The Illinois Family Institute’s Laurie Higgins is going after me (and my job) again.
… parents really should spend some time perusing… math teacher, Hemant Mehta’s website to determine whether he is the kind of man with whom they want their children to spend a school year. He absolutely has a First Amendment right to promote any feckless, destructive, offensive, and immoral ideas he wants via his blog, but, as I mentioned in my earlier article, parents have the right not to have him as a teacher and a role model for their children. I want to be very clear about what I’m suggesting: I am suggesting that parents who have serious concerns about Mr. Mehta’s potential influence on their children’s beliefs politely insist that their children be placed in another teacher’s class.
Of all the reasons I’ve ever heard for kids wanting to switch teachers, I’ve never heard anyone say, “That teacher’s private life disturbs me.”
Maybe she’s upset that no parent has complained yet.
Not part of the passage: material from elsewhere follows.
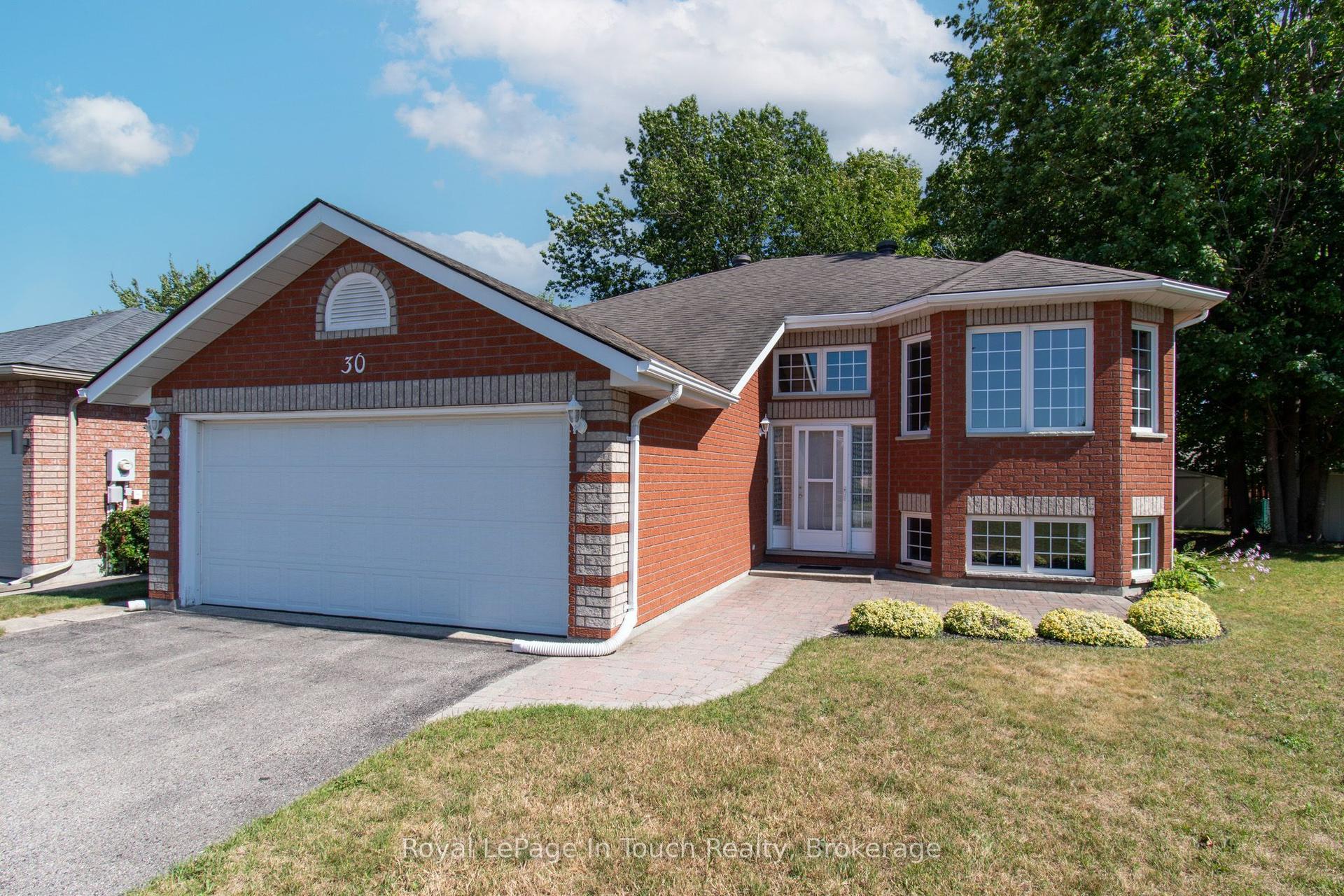 30 Charles Street, Penetanguishene — Detached for sale, photo 1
Or maybe she’s upset that parents actually thank me for teaching their child math because, for the first time in the kid’s life, he or she is actually excited about the subject.
But how dare I be good at my job while also being a vocal, out atheist! (Can you imagine the field day she’d be having if I were gay?)
Since she can’t attack me for preaching atheism in the classroom (because I would never do that), her only fodder is the material I write on this website. And, apparently, the things I don’t write on this website…
Mr. Mehta has several regular contributors to his blog, one of whom is Richard Wade. On August 18, a young woman calling herself “Poly,”–short for “polyamory”–wrote to Richard Wade for some relationship advice. Here is the letter from “Poly” followed by the response from Mr. Mehta’s regular contributor:
Although Mr. Mehta did not write this blog entry, he posted it on his blog, so one can reasonably assume–as his students might–that he endorses the ideas expressed by his regular contributor.
Richard Wade’s comments have always been appreciated by readers. I know his inbox has been getting swamped with advice requests. But I have no idea how his opinions have anything to do with me and my job. I’ve posted interviews with Lee Strobel on this site. Do I endorse his ideas? Absolutely not.
(If Higgins wanted to attack me for allowing polygamy to be discussed on this site, how on earth did she miss this post? And how did she miss the posting where I– oh, I’ll let her find the other stuff. She doesn’t seem to have anything better to do.)
She’s also mad that I linked to sex columnist Dan Savage:
And finally, there’s the blog entry in which Mr. Mehta cheerfully encourages his readers to visit the obscene column of homosexual activist Dan Savage who urges a young man to act upon the same-sex attractions he is struggling to resist because of his faith. Here’s an excerpt from the Savage column that Hemant Mehta recommends on his blog:
Savage is hilarious, realistic, and, yes, sex-positive.
I don’t recall handing out a printed version of his column to my students, though… maybe Higgins can remind me of when I did that.
Some parents fail to understand the adolescent mind: they fail to understand that teens are often predisposed to affirm the ideas of adults whom they find cool or personable or funny or iconoclastic. Those parents, no matter what their personal beliefs, will likely be comfortable with their children in Mr. Mehta’s class.
Some parents may be ideological kindred spirits with Mr. Mehta. Those parents may relish the idea of their children being impressed by Mr. Mehta and influenced by his subversive ideas.
But those parents who are troublied by the ideas Mr. Mehta expresses, posts on his blog, and endorses, and who recognize that their teens may be predisposed to look favorably on his ideas merely because they like him, may want to ensure their teens have another math teacher.
It’s all about diversity and choice.
Would anyone care to explain that last line to me? Her idea of diversity and choice seems to be that children should have only teachers who share their religious and social viewpoints.
On the bright side, I suppose I can thank Ms. Higgins for calling me cool, personable, funny, and iconoclastic. (As one reader suggested, I can use it as a blurb for my next book.)
Speaking of which, she didn’t mention my first book this time either! How many times do I have to ask?
Just for the record, Ms. Higgins: The book is called I Sold My Soul on eBay. It can be bought on Amazon. And I’m pretty sure it should be on every banned books list. Thanks in advance.